Gabrielle Goliath situates her practice within contexts marked by the traces, disparities and as-of-yet unreconciled traumas of colonialism and apartheid, as well as socially entrenched structures of patriarchal power and rape-culture. Enabling opportunities for affective, relational encounters, she seeks to resist the violence through which black, brown, feminine, queer and vulnerable bodies are routinely fixed through forms of representation.

Goliath has exhibited widely, most recently in the Future Generation Art Prize, Pinchuk Art Centre, Kiev; Conversations in Gondwana, São Paulo Cultural Center, São Paulo; Kubatana – An Exhibition with Contemporary African Artists, Vestfossen Kunstlaboratorium, Norway; Verbo Performance Art Festival, São Paulo, and the Palais de Tokyo’s Do Disturb Festival, Paris. She has won a number of awards including a Future Generation Art Prize/Special Prize (2019), the prestigious Standard Bank Young Artist Award (2019), as well as the Institut Français, Afrique en Créations Prize at the Bamako Biennale (2017). Her work features in numerous public and private collections, including the Tate Modern, the Iziko South African National Gallery, Johannesburg Art Gallery, and the Wits Art Museum. Goliath is currently a Ph.D. candidate with the Institute for Creative Arts at the University of Cape Town, South Africa.

www.gabriellegoliath.com

Gerald Machona

Gerald Machona is a Zimbabwean born Visual artist with a Master’s Degree in Fine Art from Rhodes University and a Bachelor’s degree from the University of Cape Town, completed at the Michaelis School of fine art. Machona’s work has been included on several prominent international exhibitions, which include the South African Pavilion at the 56th Venice Biennale in Italy, All the World’s Futures and at the 20th Biennale of Sydney, The future is already here – it’s just not evenly distributed. Machona’s work has also appearedin exhibitions at the Brooklyn Museum in New York and at the Zeitz Museum of Contemporary Art Africa in Cape Town.

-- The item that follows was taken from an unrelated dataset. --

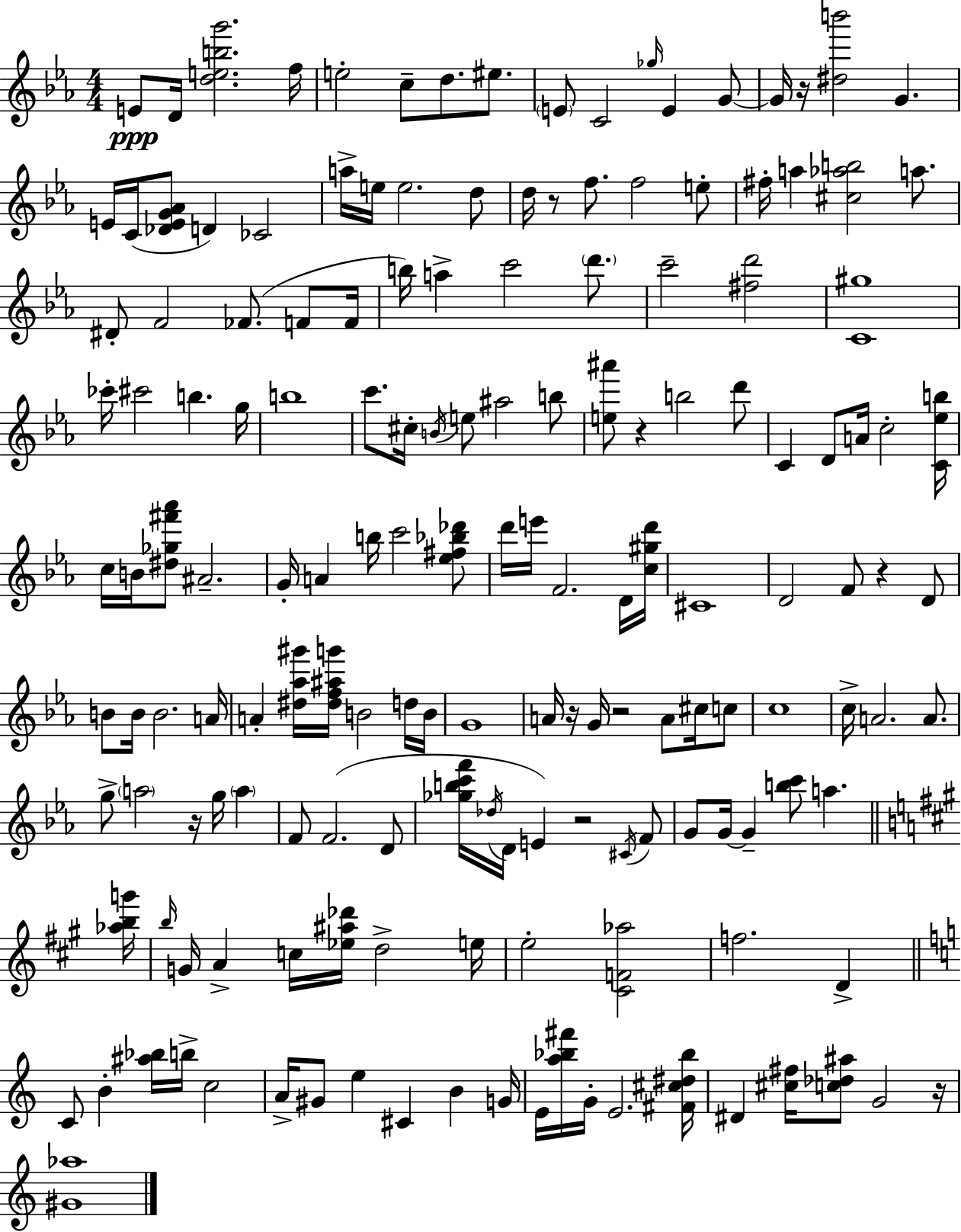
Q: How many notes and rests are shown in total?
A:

Machona works with sculpture, performance, new media, photography and film. The most notable aspect of his work is his innovative use of currency—particularly decommissioned Zimbabwean dollars—as an aesthetic material. Machona’s current work engages with issues of migration, transnationalism, social interaction and xenophobia in Africa.

In 2013, Machona featured in Mail and Guardian’s 200 Young South African’s supplemental and was selected by Business Day and the Johannesburg Art Fair in 2011 as one of the top ten young African artists practicing in South Africa. In 2019 Machona was included on the group exhibition Still Here Tomorrow to High Five You Yesterday at Zeitz MOCAA in Cape Town.